Published The Straits Times, 10 Apr 2015


HISTORY comprises both the universally experienced, historically momentous events and the small, personal milestones of each person. In this way, SG50 is a special year of meaning for me because while we collectively commemorate Singapore's 50 years of independence and simultaneously mourn the death of the first and last of our founding fathers Lee Kuan Yew, I shall also celebrate the arrival of my first grandchild.

Such is the cycle of life, of persons dying and babies being born.

My grandson due next month, and who will be 50 when Singapore celebrates its 100th anniversary, can only say he was born a few months after Mr Lee passed away. But even for my children, who are young adults, Mr Lee was always more a legend than a real person. Few young people today have ever known him other than as the textbook father of independent Singapore. My eldest son's only memory of Mr Lee was when he and his wife visited my family on the funeral of my father, some 16 years ago when Ren Hua was only a teenager and Mr Lee was already 75 years old.

When I was detained by Mr Lee under the Internal Security Act, I was only 24 and he was already 53 years old - in his fearsome, intimidating prime.

When I joined the board of GIC, which he chaired, I was 44 and he was 72; when he inaugurated the Singapore Management University's Ho Rih Hwa Lecture series, named after my father, I was 50 and he was nearing 80.

Such is the age gap that most of the people who worked with him have passed on and those who worked directly under him have long retired. To the extent that in our initial years Singapore was almost synonymous with Mr Lee Kuan Yew, he defined our national identity and we looked towards him for signals on how to behave, to think, to view ourselves.

He said rugged society, and that was our identity during my generation's youth. As nation- building gained traction and we started to embrace ourselves as a people, a society, and a nation, we started to experiment with our own personal markers of identity. Today, I daresay, Singapore comprises multiple identities.

Identities in creation

WE COMMONLY describe a national identity as something constructed from tangible markers such as Singlish or durian or chicken rice, or intangible values such as pragmatism or tolerance, or whatever. If we put that all together to sculpt a single, proverbial Merlion identity, it will be iconic and recognisable more to foreigners than to us. This is because identity is not a static snapshot of a people, frozen in time.
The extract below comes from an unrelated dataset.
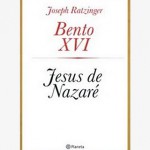 Papa entrega segunda parte do livro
It is a continual and never-ending work in progress of an evolving people. Our identity may have started more as a rojak salad than as an artificial Merlion but over time even the rojak salad will evolve further, with new and unusual ingredients, while the Merlion remains an unnatural and static animal.

Identity is what you are attached to, what you would fight for, what you care about. In a previous lecture, I proposed that we develop a uniquely Singaporean human development index which would measure our overall "well- being", besides only having GDP as an indicator. These intangible markers, which measure our progress as a nation, will in part also form our identity, because it will give heft and weight and shape to what we value. We should put in place a framework for this fluid discussion to take place, to be mapped and to be expressed.

While Singapore's identity is rooted in its immigrant heritage, and that openness should always be a cornerstone of our sense of self and underpin our receptivity towards those from other cultures, we should not feel lost if we are not able to define a single common identity.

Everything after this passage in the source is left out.